Author: jpotter@falcon.lhup.edu (John Potter)
Date: Fri, 5 Jul 2002 22:12:56 GMT
Raw View
On Fri,  5 Jul 2002 20:03:27 GMT, "Carl Daniel" <cpdaniel@pacbell.net>
wrote:

> "Frank Compagner" <frank@compagner.com> wrote in message
> news:Xns9242CEF43B1Ffrankcompagnercom@194.109.6.74...

> >     if (i->second == val)
---------------^^^^^^

> Your discourse about stability aside, why not simply do the erase operation
> as the STL creators intended:

Because the STL creators neglected to write erase_if for any container
other than list where it is misspelled remove_if.  Erase_if seems to
be the highest demand missing algorithm.

John

---
[ comp.std.c++ is moderated.  To submit articles, try just posting with ]
[ your news-reader.  If that fails, use mailto:std-c++@ncar.ucar.edu    ]
[              --- Please see the FAQ before posting. ---               ]
[ FAQ: http://www.jamesd.demon.co.uk/csc/faq.html                       ]
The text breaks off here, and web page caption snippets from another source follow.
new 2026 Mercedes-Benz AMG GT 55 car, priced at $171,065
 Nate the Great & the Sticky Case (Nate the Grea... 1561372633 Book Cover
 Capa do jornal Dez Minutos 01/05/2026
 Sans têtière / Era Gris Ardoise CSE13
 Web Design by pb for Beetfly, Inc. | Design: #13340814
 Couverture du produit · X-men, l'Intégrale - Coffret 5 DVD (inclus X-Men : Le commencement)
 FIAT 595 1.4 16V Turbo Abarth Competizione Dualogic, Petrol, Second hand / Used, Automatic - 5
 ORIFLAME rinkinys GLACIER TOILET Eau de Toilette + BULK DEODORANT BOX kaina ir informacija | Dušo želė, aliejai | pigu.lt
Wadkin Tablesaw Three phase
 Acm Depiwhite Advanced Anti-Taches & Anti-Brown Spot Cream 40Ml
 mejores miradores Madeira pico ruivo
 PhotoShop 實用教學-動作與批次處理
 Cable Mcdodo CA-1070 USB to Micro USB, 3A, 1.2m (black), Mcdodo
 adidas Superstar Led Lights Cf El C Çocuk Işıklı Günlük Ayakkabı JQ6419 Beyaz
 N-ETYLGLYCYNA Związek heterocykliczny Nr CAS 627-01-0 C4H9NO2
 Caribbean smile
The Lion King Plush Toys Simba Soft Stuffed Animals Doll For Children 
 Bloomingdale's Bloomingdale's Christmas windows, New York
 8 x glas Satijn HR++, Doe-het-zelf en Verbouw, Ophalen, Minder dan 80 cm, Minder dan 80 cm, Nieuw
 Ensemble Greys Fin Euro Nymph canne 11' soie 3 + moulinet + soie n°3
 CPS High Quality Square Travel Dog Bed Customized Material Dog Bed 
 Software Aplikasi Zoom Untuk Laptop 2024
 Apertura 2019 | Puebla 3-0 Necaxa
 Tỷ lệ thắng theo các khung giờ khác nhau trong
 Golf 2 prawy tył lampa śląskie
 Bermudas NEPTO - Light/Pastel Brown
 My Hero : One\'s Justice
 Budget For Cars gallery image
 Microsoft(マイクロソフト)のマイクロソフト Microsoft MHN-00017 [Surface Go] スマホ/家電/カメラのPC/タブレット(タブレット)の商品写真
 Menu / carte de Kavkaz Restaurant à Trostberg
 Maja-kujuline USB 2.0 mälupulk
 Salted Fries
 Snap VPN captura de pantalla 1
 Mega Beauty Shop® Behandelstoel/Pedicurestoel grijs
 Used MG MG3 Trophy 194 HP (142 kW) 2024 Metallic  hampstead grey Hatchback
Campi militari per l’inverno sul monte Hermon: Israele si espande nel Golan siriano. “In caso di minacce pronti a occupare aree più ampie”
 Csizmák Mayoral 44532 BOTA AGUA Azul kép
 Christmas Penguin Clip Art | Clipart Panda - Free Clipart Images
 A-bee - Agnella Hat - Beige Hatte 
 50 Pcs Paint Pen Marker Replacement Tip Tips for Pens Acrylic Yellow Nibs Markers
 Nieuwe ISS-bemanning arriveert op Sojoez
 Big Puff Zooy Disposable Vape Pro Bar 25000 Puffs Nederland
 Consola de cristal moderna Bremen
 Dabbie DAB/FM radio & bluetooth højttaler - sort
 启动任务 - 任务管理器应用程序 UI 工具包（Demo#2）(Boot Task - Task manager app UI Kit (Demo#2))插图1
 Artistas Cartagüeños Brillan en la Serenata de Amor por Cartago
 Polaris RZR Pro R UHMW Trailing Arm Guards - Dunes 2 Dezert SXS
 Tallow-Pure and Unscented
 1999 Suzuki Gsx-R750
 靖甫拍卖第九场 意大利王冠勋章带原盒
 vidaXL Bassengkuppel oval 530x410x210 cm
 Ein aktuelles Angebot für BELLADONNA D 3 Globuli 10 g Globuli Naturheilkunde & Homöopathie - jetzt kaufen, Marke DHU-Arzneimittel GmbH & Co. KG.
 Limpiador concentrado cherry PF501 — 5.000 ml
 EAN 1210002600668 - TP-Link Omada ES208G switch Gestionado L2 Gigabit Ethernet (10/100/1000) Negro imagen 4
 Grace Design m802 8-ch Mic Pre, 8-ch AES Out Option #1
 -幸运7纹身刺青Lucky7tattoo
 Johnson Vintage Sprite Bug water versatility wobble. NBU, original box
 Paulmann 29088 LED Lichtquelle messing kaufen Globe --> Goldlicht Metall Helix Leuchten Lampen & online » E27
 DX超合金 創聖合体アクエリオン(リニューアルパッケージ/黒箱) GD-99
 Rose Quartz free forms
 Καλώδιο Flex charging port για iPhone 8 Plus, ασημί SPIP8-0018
Author: cbarron3@ix.netcom.com (Carl Barron)
Date: Sat, 6 Jul 2002 05:06:23 GMT
Raw View
Frank Compagner <frank@compagner.com> wrote:

> Hi,
> i'm a bit puzzled about the exact working of the multiset and multimap
> erase() member functions. To provide a good context, let me explain the
> problem that got me thinking about this first:
>
> I have a multimap m, and i would like to erase all elements from the map
> with a certain value. A reasonable approach to do this would seem to be:
>
> for (multimap::iterator i = m.begin(); i != m.end();) {
>     if (i->second == val)
>         m.erase(i++);
>     else
>          ++i;
> }
>
> While the standard guarantees that the call to erase will not invalidate
> i (see clause 23.1.2/8), i can find no guarantees that the reordering of
> elements that may take place during the erase operation is stable (i.e.
> keeps equivalent elements in the same relative order). If implementations
> are indeed free to reorder equivalent elements during the erase call, the
> code above will not work correctly, as it might skip elements in the
> following way:
>
   The standard says that only iterators 'pointing to' the erase entries
are invalidated.  The iterators can be written to do their advancing and
backing up based on the state of the tree when the operation is
requested, merely by pointing into the actual tree, or writing an
iterator in the probably intenal class defining the tree and its
operations, that lets opertor *() and operator ->() return values refer
to the value_type of the node.  Rebalancing an RB tree only requires
internal tree pointers to change. No movement of value_type is required,
so that even through the node in the tree pointed to by the iteratator's
internal state changed on erase/insert the data stored in the iterator
itself is not changed namely some pointer to the tree node [not moved
but possibly has internal pointers changed] this is akin to

  struct node
  {
        node *left,*right;
        char balance_data;
        value_tyoe      data;
  };

  class iterator
  {
        node *where;
public:
        iterator & operator ++() {where = where->right;return *this;}
        iterator & operator --() {where = where->left;return *this;}
        value_type & operator *() {return (where->data);}
        value_tyoe * operator ->() {return &(where->data);}
        // ...
  }

  so if i, is an iterator of the map then rebalancing will not modify
i.where, but will modify i.where->left and i.where->right,and
i.where->balance_data, thus since the operator's of i work through a
pointer that does not change during rebalancing it is valid after
rebalancing.  This is why such guarantees are possible and able to be
required by the standard.









---
[ comp.std.c++ is moderated.  To submit articles, try just posting with ]
[ your news-reader.  If that fails, use mailto:std-c++@ncar.ucar.edu    ]
[              --- Please see the FAQ before posting. ---               ]
[ FAQ: http://www.jamesd.demon.co.uk/csc/faq.html                       ]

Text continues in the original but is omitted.